One sentence attempts to clarify a perspective that from the outside may be overlooked: “We don’t feel like we share a love. It’s more like we all put our love in a big container and it becomes so much more love.

They believe they spend around 90% of their time together.

They believe they spend around 90% of their time together.

“It’s really important that we are not two parallel relationships but a family, a real team,” they agree.

Anyway, while it seems contradictory to his previous thinking, he clarifies the moment of intimacy: When it comes to sex they say they never have a threesome. Saskia illustrated: “Marcin and I have one sex life and He and I have another. There is no three way sex life.”

“People often reduce our relationship to sex. The funny thing is none of us are very needy or prioritize sex. Hugs, kindness and kisses are valued much more by us than sex. ”

He added that they’ve never encountered “a situation where you have to listen to other people through the door or something” and are happy to go with the flow when it comes to sex and intimacy.

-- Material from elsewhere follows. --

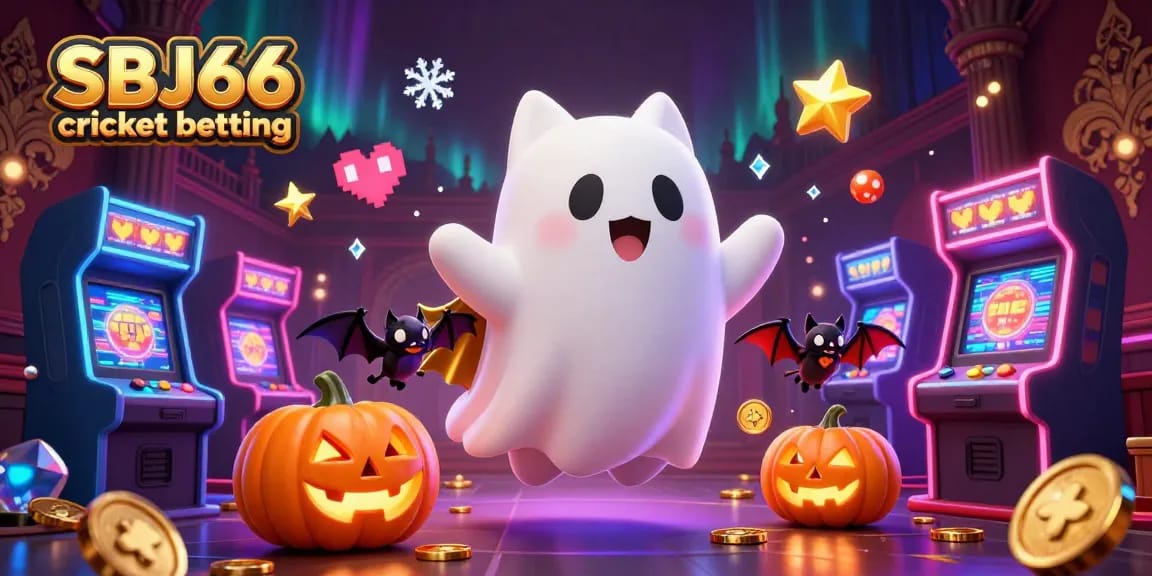 Engage in SBJ66 cricket betting amidst a vibrant casino scene with a ghost cat and vampire bat companions.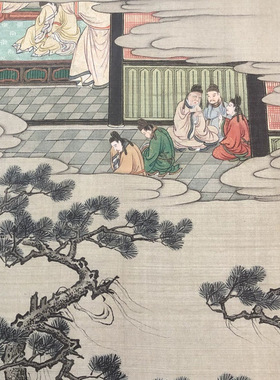 日本狩野山雪长恨歌图卷书画仕女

On TikTok, they told in a simple way how the story of polyamory was told.  Video capture

On TikTok, they told in a simple way how the story of polyamory was told. Video capture

Is there room for the children?

The three lovers want to start a family together and hope that people will one day be more tolerant of their relationship.

“We dream of growing old together, raising children and grandchildren and one day we will sit on our porch and contemplate a wonderful family life, “said Saskia, without first specifying that she hopes” that the world will be a little more tolerant of them “.

The “couple of three” often shares their stories on social media, where hundreds of thousands of eager followers find out what is going on far from monogamy.

The goal, they say, has to do with open a window to ventilate your personal life. “Let people see that we are not crazy and that we are not sex thirsty hedonists”Saskia said bluntly.

They make it clear that they are not avid sex hedonists.

They make it clear that they are not avid sex hedonists.

The relationship, they swear, works without hurting anyone. One sentence sums it up: “We are normal people who have fallen in love twice.”